Desde 1985, a Quercus assumiu uma posição clara contra o nuclear, numa época marcada pelo desastre de Chernobyl e pelas promessas ilusórias de progresso. Por trás da eletricidade barata, via-se já o rasto de resíduos tóxicos, riscos graves e uma dependência tecnológica com efeitos que duram milénios.
Portugal teve — e tem — uma tradição antinuclear enraizada. Ainda antes da Quercus, os anos 70 já ecoavam slogans como “Antes ativos hoje que radioativos amanhã”. A icónica flor sorridente e a frase “Nuclear? Não, obrigado” espalharam-se como símbolo de resistência cívica. A Quercus herdou essa insubmissão e deu-lhe corpo, rigor e persistência.
Em 2009, a associação consolidou a sua posição no documento “Posicionamento da Quercus sobre a Energia Nuclear”, onde afirmou, sem hesitação: o nuclear não é solução para a crise climática — é parte do problema. O diagnóstico assenta em quatro pilares que continuam válidos: risco, resíduos, custo e tempo. E nenhum deles mudou. O que mudou foi o marketing.
Fukushima, em 2011, foi mais uma lição ignorada. Um sismo, um tsunami e a falência de três reatores. A água de arrefecimento tornou-se tóxica e, anos depois, o Japão devolveu-a ao oceano, processada mas contaminada, com milhares de toneladas de lamas radioativas ainda hoje armazenadas sem solução. A crise não é exceção — é inerente.
O maior tabu do nuclear são os resíduos. Não desaparecem, não se transformam, não se esquecem. Continuam ativos durante milhares de anos, exigindo túneis profundos e silêncios ainda mais profundos. As tecnologias de armazenamento geológico definitivo continuam teóricas. Na prática, os resíduos estão guardados em contentores provisórios, vulneráveis ao tempo, ao erro e à política.
Economicamente, o nuclear é insustentável. Cada central custa entre 7 e 10 mil milhões de euros e acumula atrasos, como o caso de Flamanville, em França, que já ultrapassou os 13 mil milhões e 12 anos de derrapagem. Tudo isto para uma energia que chega tarde demais num planeta em emergência.
E há mais: o nuclear concentra poder, tecnologia e território. Exige decisões centralizadas, forças policiais, silos e blindagem. É o oposto de uma transição energética justa, renovável e descentralizada. É o petróleo com outra farda.
A Quercus tem um longo historial de oposição à central nuclear de Almaraz, junto ao Tejo e à fronteira. Nos anos 90, denunciou os riscos da infraestrutura envelhecida e, em 2017, uniu-se ao Movimento Ibérico Antinuclear contra a construção do armazém de resíduos (ATI). A ação cívica e diplomática pressionou o governo português e contribuiu para a promessa de encerramento da central até 2027 — uma vitória do movimento e da persistência.

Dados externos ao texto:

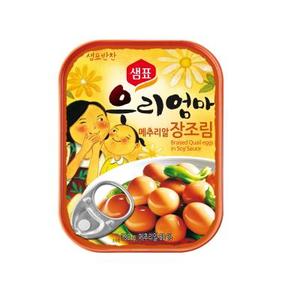 우리엄마메추리알장조림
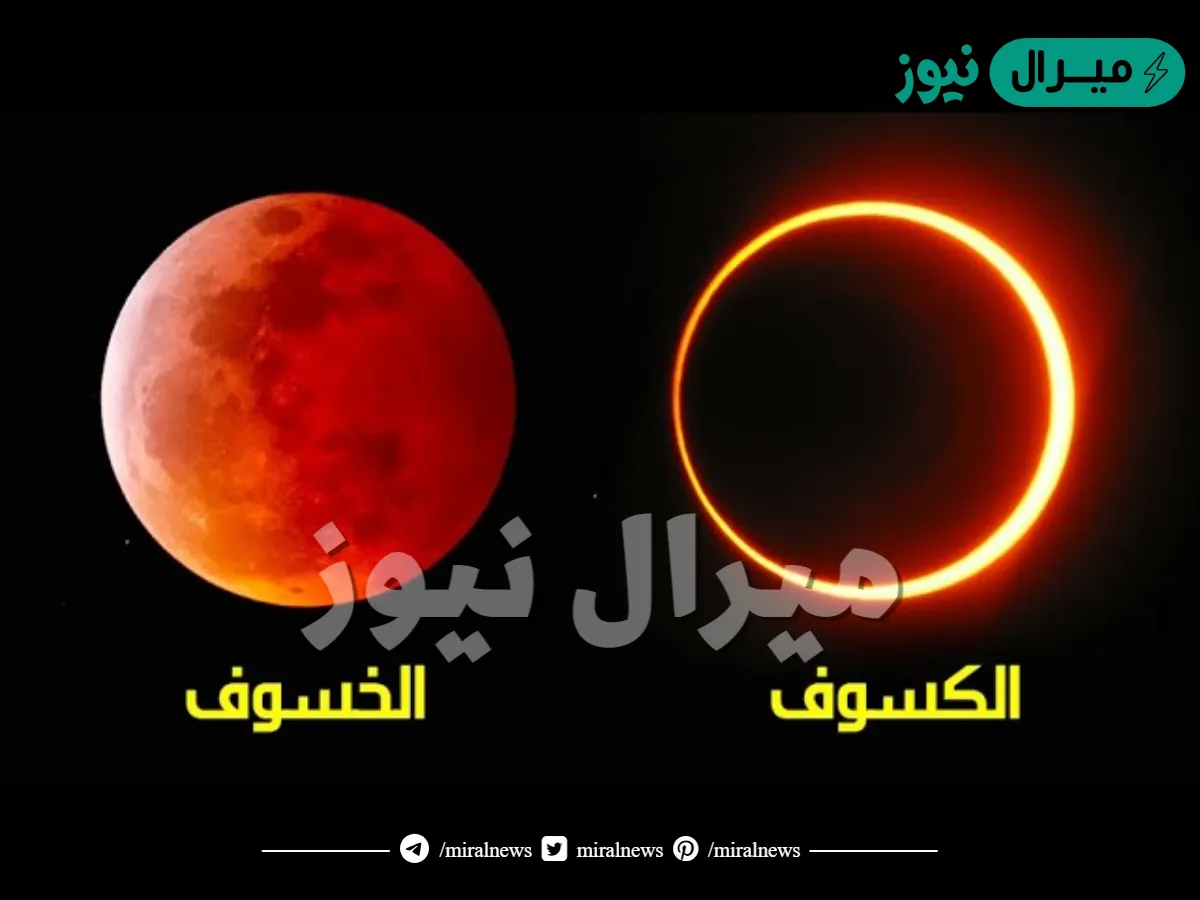 فيما يتشابه خسوف القمر وكسوف الشمس
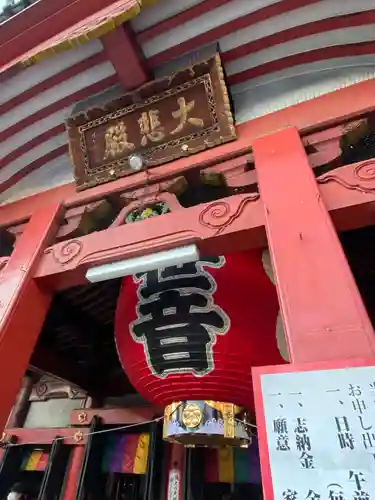 大須観音 （北野山真福寺宝生院）の本殿・本堂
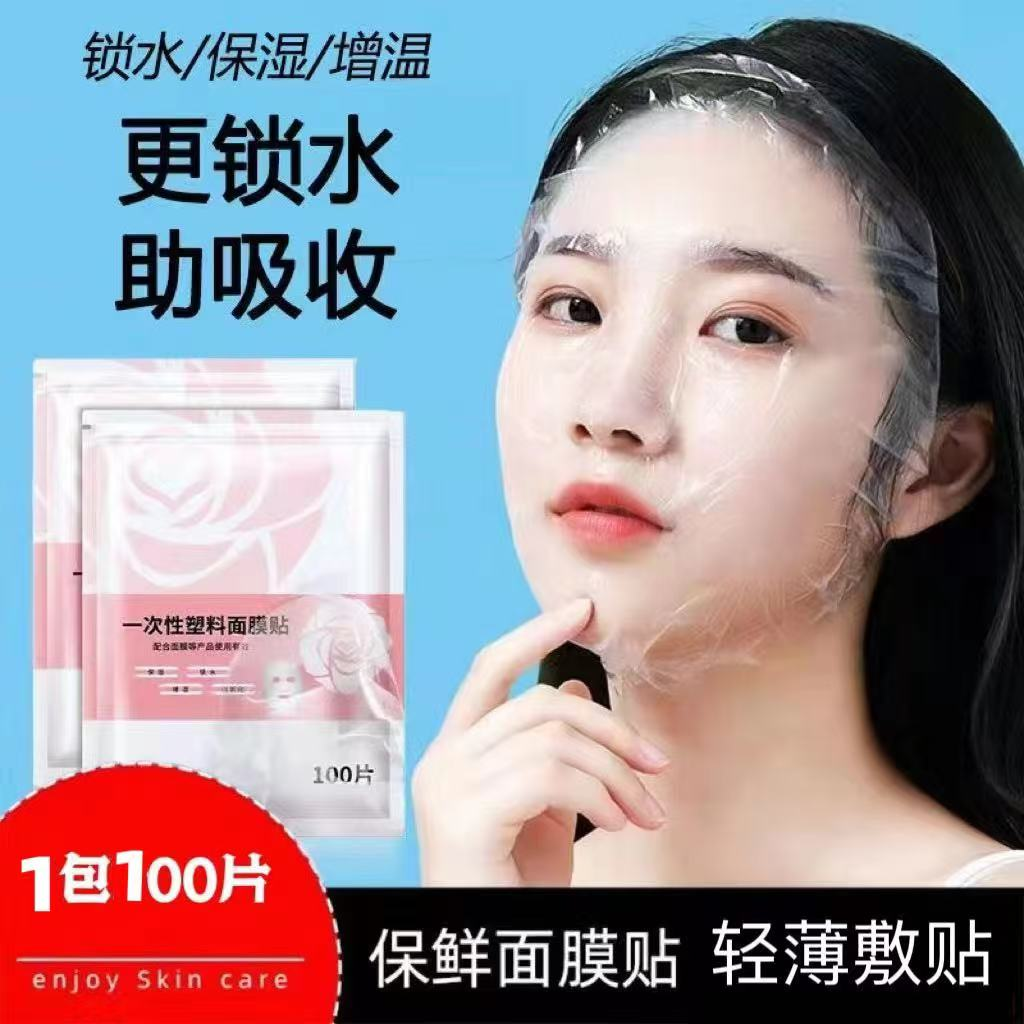 保湿补水保鲜膜一次性保鲜膜DIY面部湿敷灌肤保鲜面膜贴护肤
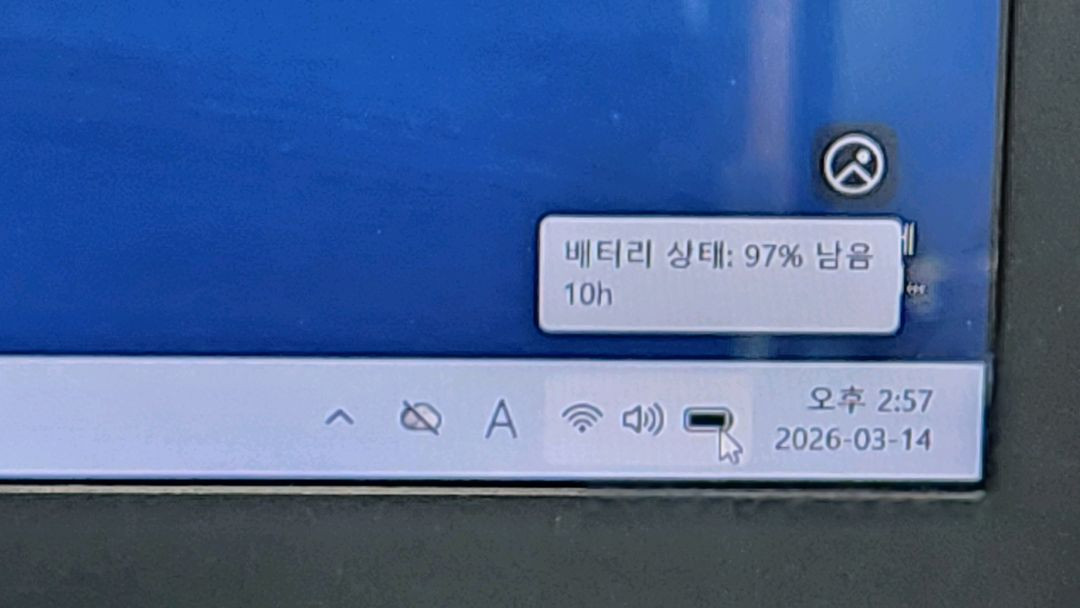 LG 울트라기어 15UD780 i7-8세대 게이밍노트북_신품배터리--2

Perante a crise energética, cresce a tentativa de reabilitar o nuclear como “energia verde”, com França a liderar a pressão na Europa empurrando o átomo para dentro da taxonomia europeia das energias “verdes”. Mas por trás do rótulo está o lóbi, não o consenso. A baixa pegada de carbono não apaga o custo social, os riscos e o legado tóxico que transporta.
O nuclear não é verde. É cinzento, pesado, lento e caro. E deixa um legado que nenhuma geração futura pediu para herdar. Se o que está em causa é salvar o clima, então é tempo de rejeitar os atalhos perigosos e investir no que já funciona: energias renováveis, descentralizadas, justas e acessíveis.
O amanhã constrói-se com renováveis, mudança de hábitos relativamente ao uso das energias— e com a coragem de dizer não às falsas soluções, não com depósitos de silêncios profundos.